In August 2010, the DOC decided to partially lift its smoking ban by authorizing smoking at twelve minimum-security prisons. Smoking remains restricted at higher security facilities.
The decision to modify the smoking ban resulted from a reassessment of the health care costs associated with smoking by minimum-security prisoners.
According to Jerry Massie, a spokesperson for the DOC, smoking by minimum-security prisoners does not significantly increase health care costs because such prisoners generally are not incarcerated for long.
Massie also indicated that guards had more important things to do than chase down smokers. “We’re short-staffed. Do we want to spend time chasing tobacco around the yards?” he said. Not mentioned was how many DOC employees had been caught smuggling tobacco into the prison system since the smoking ban began.

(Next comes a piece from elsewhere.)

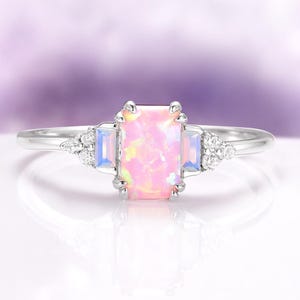 Pink Fire Opal & Opalescent Sapphire Ring- 925 Sterling Silver Minimalist Unique Engagement Ring For Women- Promise Ring- Gift For Her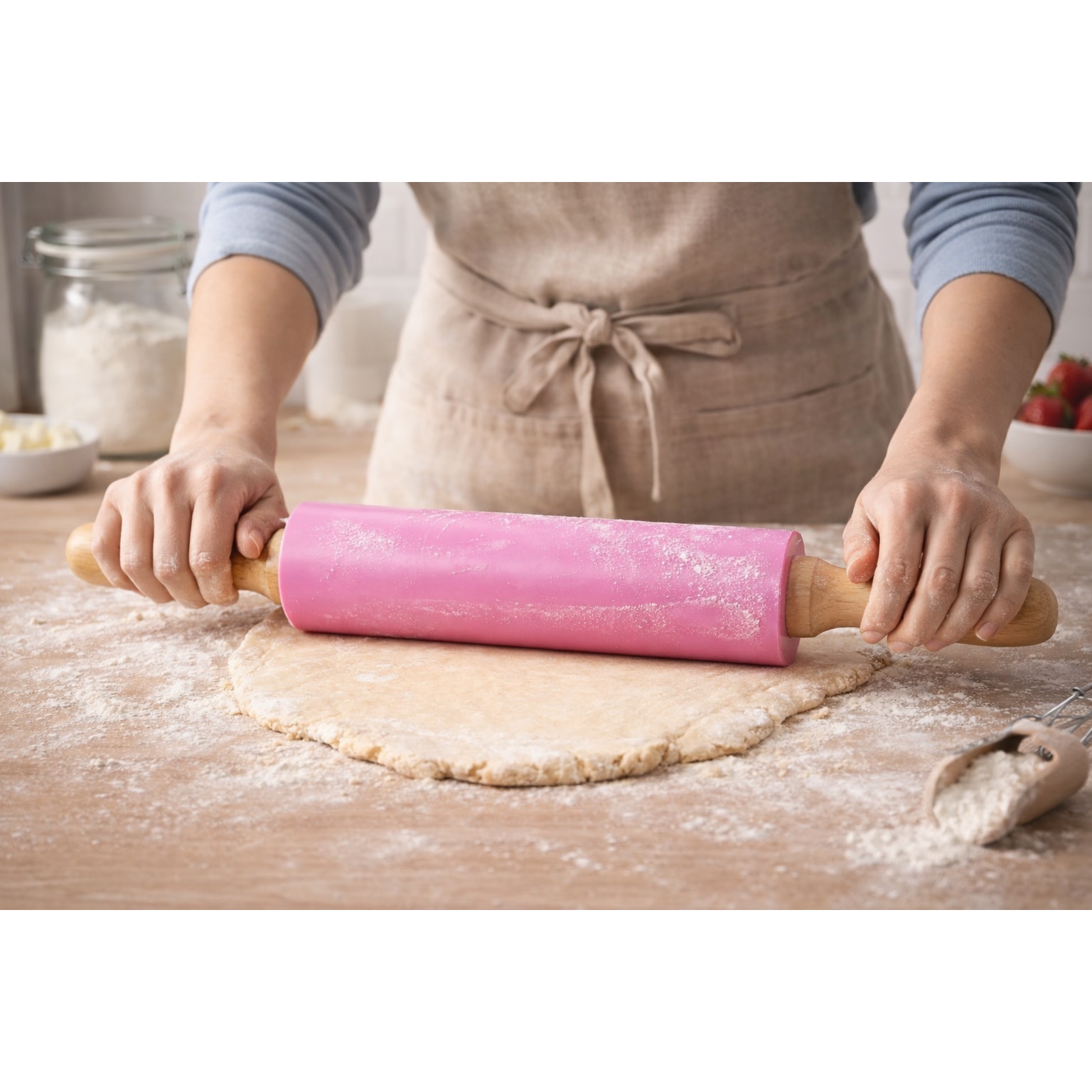 Sucitor, silicon, manere lemn, roz, 42cm - eMAG.ro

Massie denied claims that the DOC decided to lift the ban in order to increase commissary sales. In fiscal year 2009, Oklahoma prison commissaries had almost $14 million in sales resulting in $2.4 million net profit. Bringing back cigarettes, even at only minimum-security facilities, will likely boost those numbers significantly.
State Rep. Doug Cox said he was “surprised, dismayed and disappointed” at the DOC’s decision to permit some prisoners to resume smoking, calling it a “direct slap in the face to the state Health Department’s goal of decreasing tobacco use in Oklahoma.”